After the S&P rating's agency stripped several Euro zone countries of their AAa ratings, most notably and predictably, France, they said they'd be focusing on the financial sector; true to their word, they downgraded 34 of 37 Italian banks today. This is not just information for information's sake, but bond holders in corporate debt as well as some equity investment companies have rules they must follow in what grade investment they hold and if that investment sees its credit rating lowered, it is likely to see its corporate bonds and equity shares sold as well.
Furthermore this does nothing to help their liquidity and access to money in the intrabank lending system, not that the system works; the fact the ECB has to provide LTROs to the banking system is evidence that the financial markets are frozen up, just like in 2008 here in the US.
This is just the first round, the S&P will release downgrade after downgrade as they make their way through each country's financial system.
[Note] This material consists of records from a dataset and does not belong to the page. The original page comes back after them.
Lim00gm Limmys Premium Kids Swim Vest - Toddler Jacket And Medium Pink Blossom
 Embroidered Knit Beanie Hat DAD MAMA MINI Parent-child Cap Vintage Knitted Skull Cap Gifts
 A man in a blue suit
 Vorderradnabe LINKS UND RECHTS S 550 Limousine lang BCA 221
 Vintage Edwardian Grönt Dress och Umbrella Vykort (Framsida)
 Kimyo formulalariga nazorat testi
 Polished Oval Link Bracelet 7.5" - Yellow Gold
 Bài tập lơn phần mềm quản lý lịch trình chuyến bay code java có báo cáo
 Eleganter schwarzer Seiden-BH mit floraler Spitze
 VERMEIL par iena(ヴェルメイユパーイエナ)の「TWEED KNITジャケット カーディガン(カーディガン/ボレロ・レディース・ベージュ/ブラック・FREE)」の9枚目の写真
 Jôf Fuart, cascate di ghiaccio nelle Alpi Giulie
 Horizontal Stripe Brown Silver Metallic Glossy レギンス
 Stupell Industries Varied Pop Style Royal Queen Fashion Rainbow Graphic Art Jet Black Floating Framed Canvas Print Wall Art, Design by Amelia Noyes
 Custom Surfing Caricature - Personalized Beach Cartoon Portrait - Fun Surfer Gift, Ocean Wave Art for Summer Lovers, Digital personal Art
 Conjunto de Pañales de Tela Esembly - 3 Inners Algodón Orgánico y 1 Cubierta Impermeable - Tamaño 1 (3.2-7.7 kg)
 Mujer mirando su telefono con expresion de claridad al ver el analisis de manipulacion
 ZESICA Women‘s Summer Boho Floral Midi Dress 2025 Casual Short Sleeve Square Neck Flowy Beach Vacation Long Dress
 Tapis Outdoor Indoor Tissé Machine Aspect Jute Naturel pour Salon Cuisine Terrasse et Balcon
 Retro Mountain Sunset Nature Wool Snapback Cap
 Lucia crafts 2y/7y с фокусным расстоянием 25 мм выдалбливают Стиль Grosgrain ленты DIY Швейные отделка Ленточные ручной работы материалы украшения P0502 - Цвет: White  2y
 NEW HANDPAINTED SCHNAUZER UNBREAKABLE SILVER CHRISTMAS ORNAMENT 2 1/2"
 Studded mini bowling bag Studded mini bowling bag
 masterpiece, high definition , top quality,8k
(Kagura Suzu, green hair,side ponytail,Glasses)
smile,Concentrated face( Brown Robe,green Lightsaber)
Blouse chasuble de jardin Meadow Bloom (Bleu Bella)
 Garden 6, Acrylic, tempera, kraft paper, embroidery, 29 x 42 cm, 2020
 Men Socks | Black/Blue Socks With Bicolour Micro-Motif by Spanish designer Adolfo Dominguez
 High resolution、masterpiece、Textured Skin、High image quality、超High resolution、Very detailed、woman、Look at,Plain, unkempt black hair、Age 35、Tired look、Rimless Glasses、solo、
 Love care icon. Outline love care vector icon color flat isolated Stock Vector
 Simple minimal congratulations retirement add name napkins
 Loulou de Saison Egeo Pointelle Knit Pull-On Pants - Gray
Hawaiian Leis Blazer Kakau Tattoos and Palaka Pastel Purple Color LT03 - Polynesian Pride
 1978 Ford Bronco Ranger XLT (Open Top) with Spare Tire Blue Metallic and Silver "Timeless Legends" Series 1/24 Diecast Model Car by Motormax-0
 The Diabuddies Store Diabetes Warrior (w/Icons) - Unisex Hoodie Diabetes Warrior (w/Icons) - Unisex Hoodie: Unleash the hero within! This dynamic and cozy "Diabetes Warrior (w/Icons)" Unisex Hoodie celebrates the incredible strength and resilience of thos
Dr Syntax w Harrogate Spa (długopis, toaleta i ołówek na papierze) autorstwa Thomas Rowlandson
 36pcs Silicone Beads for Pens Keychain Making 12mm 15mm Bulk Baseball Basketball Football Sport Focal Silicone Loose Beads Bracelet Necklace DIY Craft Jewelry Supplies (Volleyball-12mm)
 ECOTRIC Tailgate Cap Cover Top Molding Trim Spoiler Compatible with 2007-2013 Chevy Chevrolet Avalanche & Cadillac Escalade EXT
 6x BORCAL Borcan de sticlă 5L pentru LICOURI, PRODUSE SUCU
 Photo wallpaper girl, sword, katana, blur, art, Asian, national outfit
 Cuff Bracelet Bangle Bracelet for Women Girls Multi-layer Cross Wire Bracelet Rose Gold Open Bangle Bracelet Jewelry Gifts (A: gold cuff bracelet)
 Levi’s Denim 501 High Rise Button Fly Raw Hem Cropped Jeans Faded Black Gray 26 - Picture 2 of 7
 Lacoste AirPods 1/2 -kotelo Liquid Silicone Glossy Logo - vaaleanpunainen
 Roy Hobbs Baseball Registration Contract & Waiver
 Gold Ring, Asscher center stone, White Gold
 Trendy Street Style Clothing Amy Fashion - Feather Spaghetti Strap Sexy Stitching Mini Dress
The LTRO (one is coming up and huge demand was expected), may very well produce the same stigma that borrowing from the F_E_D's discount window created, which told the shorts which banks to go after. So the next LTRO this month should be interesting as a half a dozen bank in the EU have already made a point to let everyone know that they DID NOT participate in the LTRO, more or less saying, "it wasn't us, we're ok"
Depending on how many more banks the S&P downgrades and locks out of the liquidity market, the LTRO take up may change dramatically from earlier estimates of over a trillion dollars.